▶ Action item: Could you repeat the entries below exactly, but only from the line with "Schengen visa bank statement requirements" through the line with "Substrat en silice", and without any picture?

▶ Provided data:

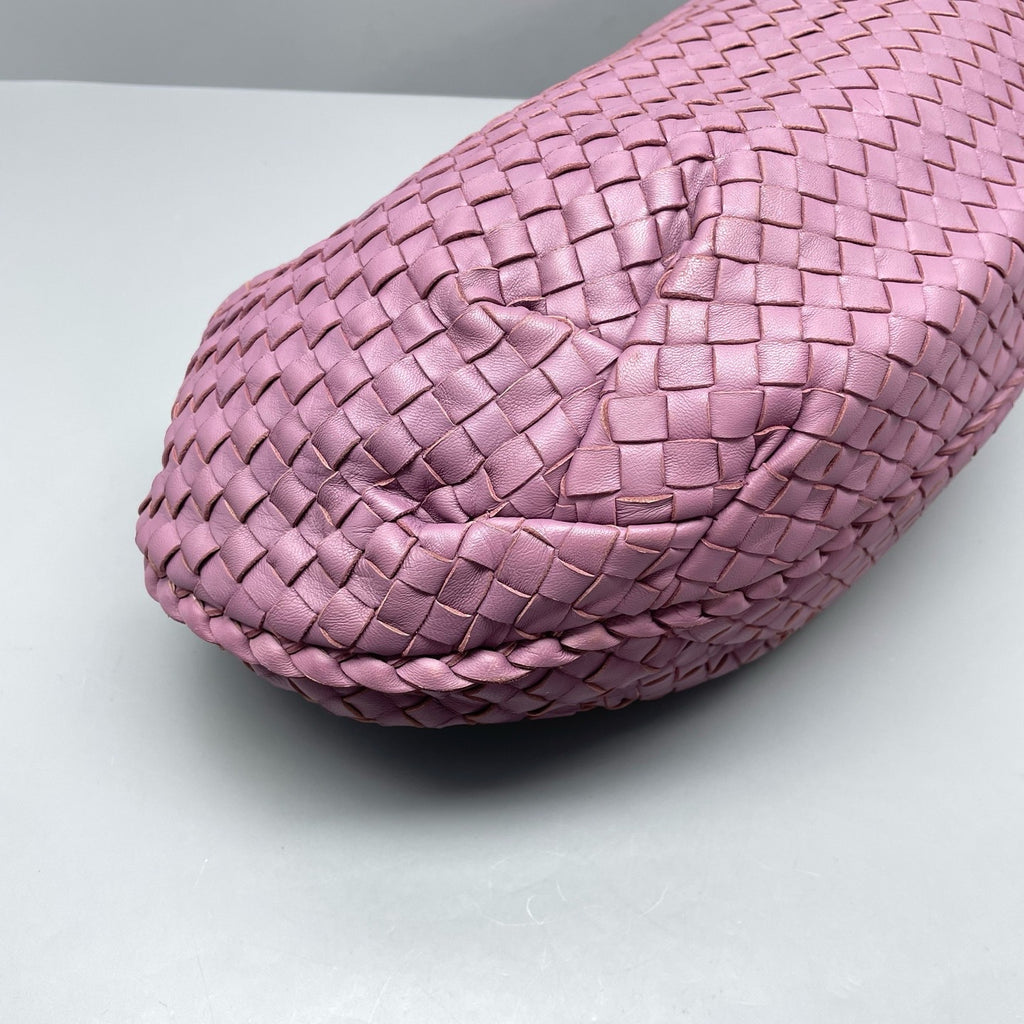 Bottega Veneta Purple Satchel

---

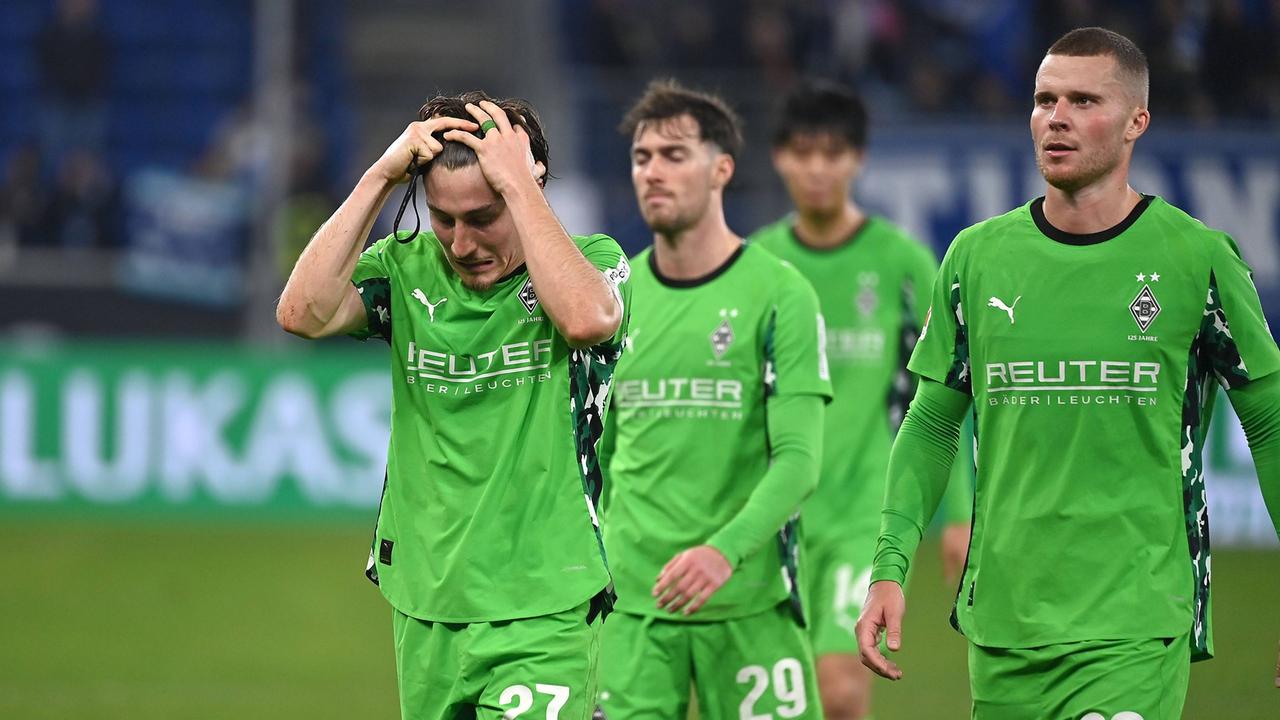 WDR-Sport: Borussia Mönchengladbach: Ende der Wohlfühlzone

--

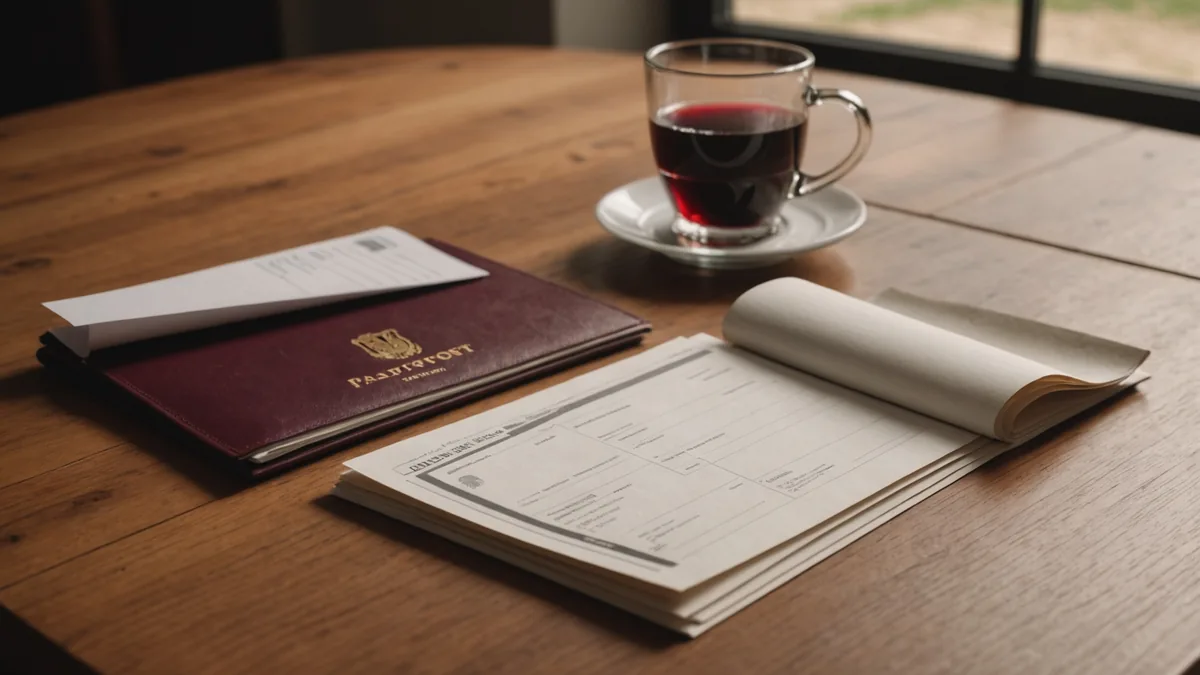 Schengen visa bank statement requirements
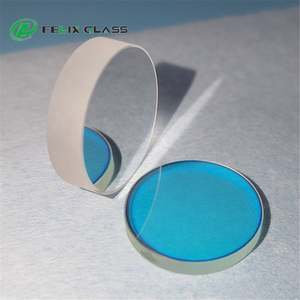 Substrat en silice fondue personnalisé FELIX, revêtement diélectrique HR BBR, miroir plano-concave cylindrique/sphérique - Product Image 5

▶ Solution:
 Schengen visa bank statement requirements
 Substrat en silice fondue personnalisé FELIX, revêtement diélectrique HR BBR, miroir plano-concave cylindrique/sphérique - Product Image 5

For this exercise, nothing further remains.